La meilleure approche de solution à ce problème, passe par la révision du fond en comble de la politique africaine de la France. Il ne sert à rien d’en tenir responsables la Russie, la Chine, la Turquie qui ne font que profiter d’une situation favorable trouvée en Afrique. Il faudra dorénavant traiter d’égal à égal avec ces pays, remplacer les injonctions unilatérales par l’écoute, mettre fin au paternalisme et tenir compte de ce que la nouvelle génération est éveillée, et n’est pas prête à endosser ce que leurs ainés ont accepté sous des contraintes.

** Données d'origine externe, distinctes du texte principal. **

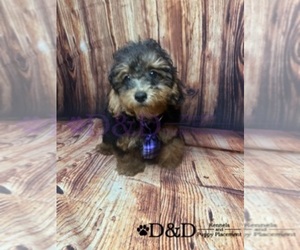 YorkiePoo Puppy for sale in RIPLEY, MS, USA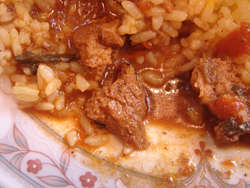 DSC02337.jpg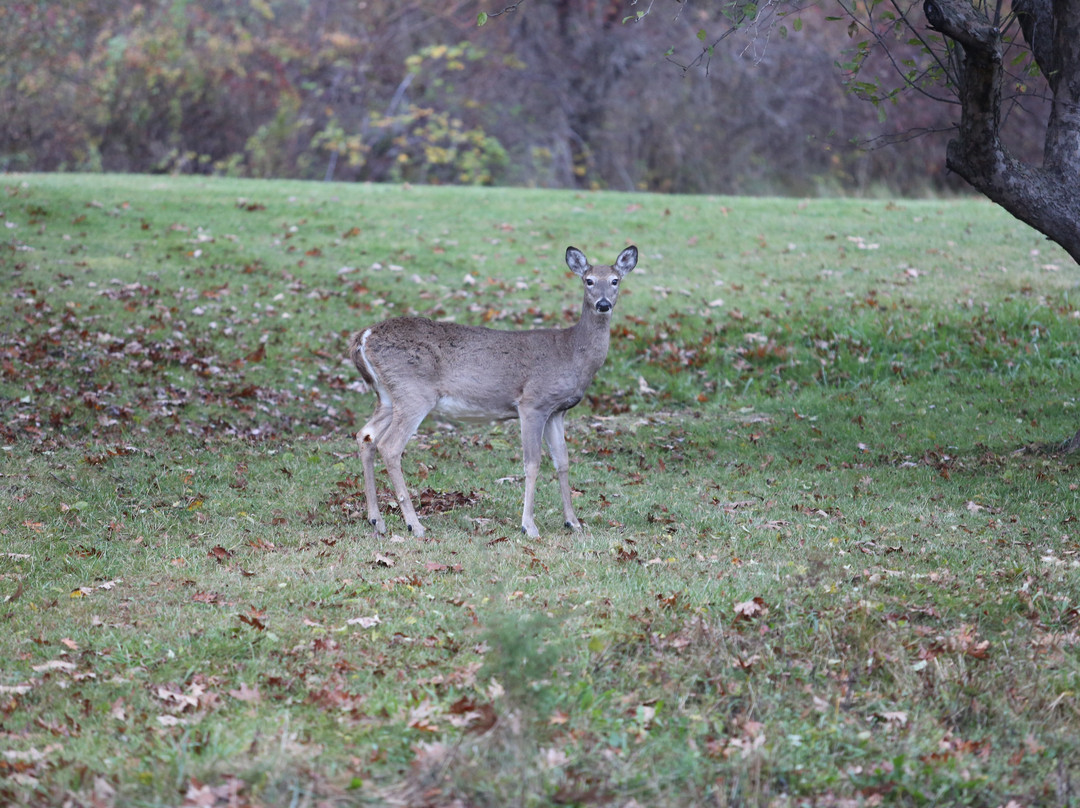 The Pearl of Seneca Lake B&B主图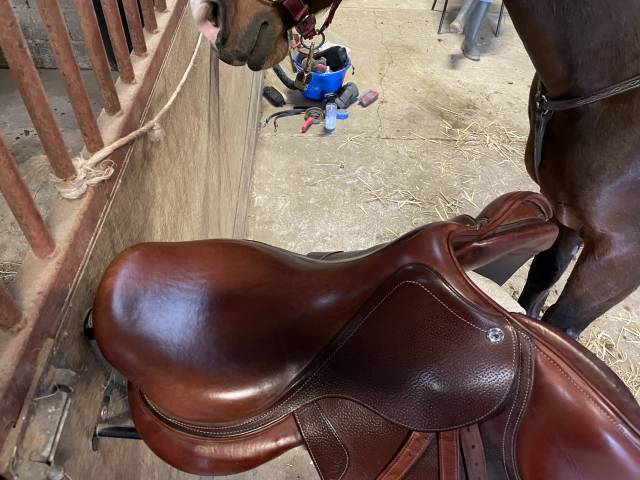 Sella da salto ostacoli CWD Se02  17.5" - 2022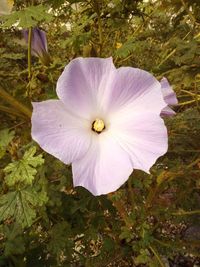 Close-up of purple flowering plant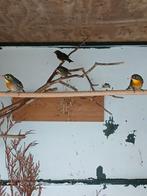 Japanse Nagtegalen, Dieren en Toebehoren, Meerdere dieren, Tropenvogel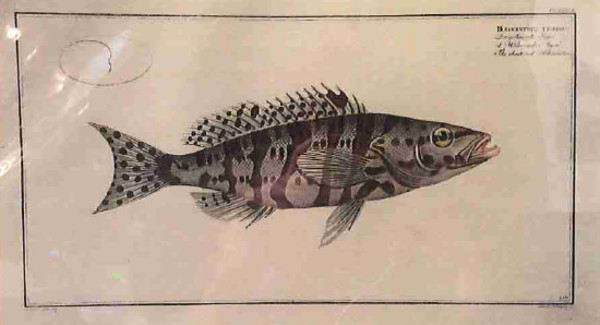 Holocentrus Tigrinus, The Checkred Holocentre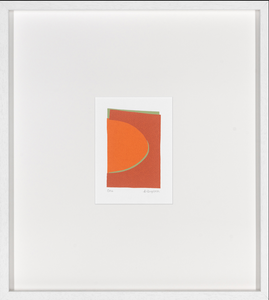 Colección Denise Duplock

 Dans cet ordre d’idées s’inscrit la nécessité pour la France de reconnaitre les crimes de la colonisation, d’en présenter les excuses comme l’a fait l’Allemagne tout récemment pour ses massacres des communautés herero et nama en Namibie avec promesse de compensation financière, et de rompre avec la Françafrique. Abondant dans le même sens, l’anthropologue français, professeur à l’EHESS de Marseille, Monsieur Olivier de Sardan pense aussi que le changement de la politique française en Afrique doit être profond et non cosmétique.

Dans l’immédiat la France devra rendre ces pays autonomes sur le plan monétaire, ne ménager aucun effort pour rétablir par tous les moyens la sécurité au Sahel et dans les pays côtiers du Golfe de Guinée. A défaut de ces dispositions, un coup de force comme celui de Ouagadougou peut se reproduire encore dans d’autres pays de la zone et contribuera à renforcer davantage ce sentiment anti-français qui, à moyen terme peut connaitre un développement inattendu. Il n’est plus limité aux seuls pays francophones, les anglophones tels que le Nigéria et l’Afrique du Sud, en font déjà un objet de combat en guise de lutte contre le neo-colonialisme et de soutien aux ex- colonies françaises.

L’occasion est propice pour poser la question de savoir pourquoi l’on ne parle pas aujourd’hui de sentiment anti-britannique, anti-portugais, anti-espagnol ? N’est-il pas dû à la grande marge de manœuvre, à la meilleure dépendance et au type de relations dont jouissent ces ex- colonies par rapport à leurs anciennes puissances coloniales ?

 Dans son éditorial du 3 Octobre 2022, consacré au discours du premier ministre malien par intérim, le colonel Abdoulaye Maiga aux Nations-Unies, prononcé le 24 septembre 2022, le Directeur de la rédaction de Jeune Afrique, François Soudan, malgré sa désapprobation des propos de Maiga à New-York, a répondu à la question en disant que si l’on ne parle pas de sentiment anti-portugais, ni anti-britannique « c’est parce que ces ex-puissances ont su gérer leur départ dans la discrétion et la non-intervention ».

Perspectives d’avenir pour un nouveau paradigme

Rien n’est encore perdu pour la France en Afrique. Il lui suffit de se défaire des conceptions surannées datant de la période coloniale, s’adapter à l’évolution des esprits et du monde, rendre plus souples les conditions d’entrée en France et accompagner les Africains dans leur vision de développement avec des appuis plus fiables, plus adaptés, durables, et leur faire confiance dans le cadre d’une coopération avec des avantages réellement réciproques et relativement équilibrés. Tout ceci n’étant possible qu’en période de paix, la France doit alors s’investir davantage et sincèrement dans la préservation de la paix et de la sécurité partout en Afrique et surtout dans ses ex- colonies où la paix est aujourd’hui perturbée. Ce changement de paradigme est simple et faisable pour peu qu’il y ait la volonté politique. En tout état de cause, telle est la voie à suivre si le pays des Gaulois ne veut pas voir l’Afrique lui échapper, comme ce fut le cas de ses ex-colonies en Asie.

Jean-Pierre A. EDON

Ambassadeur, spécialiste des questions internationales.